I currently own two Tivo HD's with lifetime, and have had no real problems.

I went to my account on tivo and input the tivo number and everything was good until I saw my payment options. $14.99 a month, and that is it. Does that sound right? Is there no lifetime option or a lower monthly payment if you already own 2 tivos? Thought I would ask on this knowledgeable forum before playing phone roulette with Tivo.

Thanks in advance for your thoughts.

Jim

PS...I could not find a list of apps that come on the Roamio. Other than Netflix, Pandora, Amazon, and Hulu Plus. Thanks for info on that as well.
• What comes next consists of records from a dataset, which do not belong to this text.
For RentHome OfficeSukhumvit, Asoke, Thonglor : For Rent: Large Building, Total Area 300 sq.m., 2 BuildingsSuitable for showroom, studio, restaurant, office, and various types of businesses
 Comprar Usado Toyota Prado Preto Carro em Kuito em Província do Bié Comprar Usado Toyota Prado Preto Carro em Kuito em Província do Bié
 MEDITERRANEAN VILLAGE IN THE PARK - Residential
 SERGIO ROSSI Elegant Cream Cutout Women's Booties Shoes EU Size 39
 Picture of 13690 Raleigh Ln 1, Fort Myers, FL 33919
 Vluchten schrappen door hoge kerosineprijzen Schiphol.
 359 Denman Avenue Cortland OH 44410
It all will go into my decision making regarding this box.


----------



## Chris Gerhard (Apr 27, 2002)

$10 was a great deal, no question, for a parts machine if nothing else. I don't think TiVo has started offering lifetime for the Roamio OTAs sold with monthly option only, those were sold way less than manufacturing cost. TiVo has started selling the OTA with lifetime so there may be some way to get that one included at some price but I wouldn't know how to proceed.


----------



## JimG19 (Jun 30, 2005)

Chris Gerhard said:


> $10 was a great deal, no question, for a parts machine if nothing else. I don't think TiVo has started offering lifetime for the Roamio OTAs sold with monthly option only, those were sold way less than manufacturing cost. TiVo has started selling the OTA with lifetime so there may be some way to get that one included at some price but I wouldn't know how to proceed.


Thanks for the reply Chris. It was actually $7 but does me no good at this point if $14.99 a month is the only option. They must think I am crazy. I talked on tivo chat and they told me they are not offering lifetime nor a lower monthly rate. I guess they have little interest in getting it activated.

Jim


----------



## jrtroo (Feb 4, 2008)

They have an interest in making a profit from the box. With such a low purchase price, the service is what generated positive cash flow. Otherwise they loose on the sale, which they have little interest in.


----------



## Photo_guy (Mar 12, 2015)

$10 is a good price and would be a useful box as a parts supply for someone who already has another OTA unit running. 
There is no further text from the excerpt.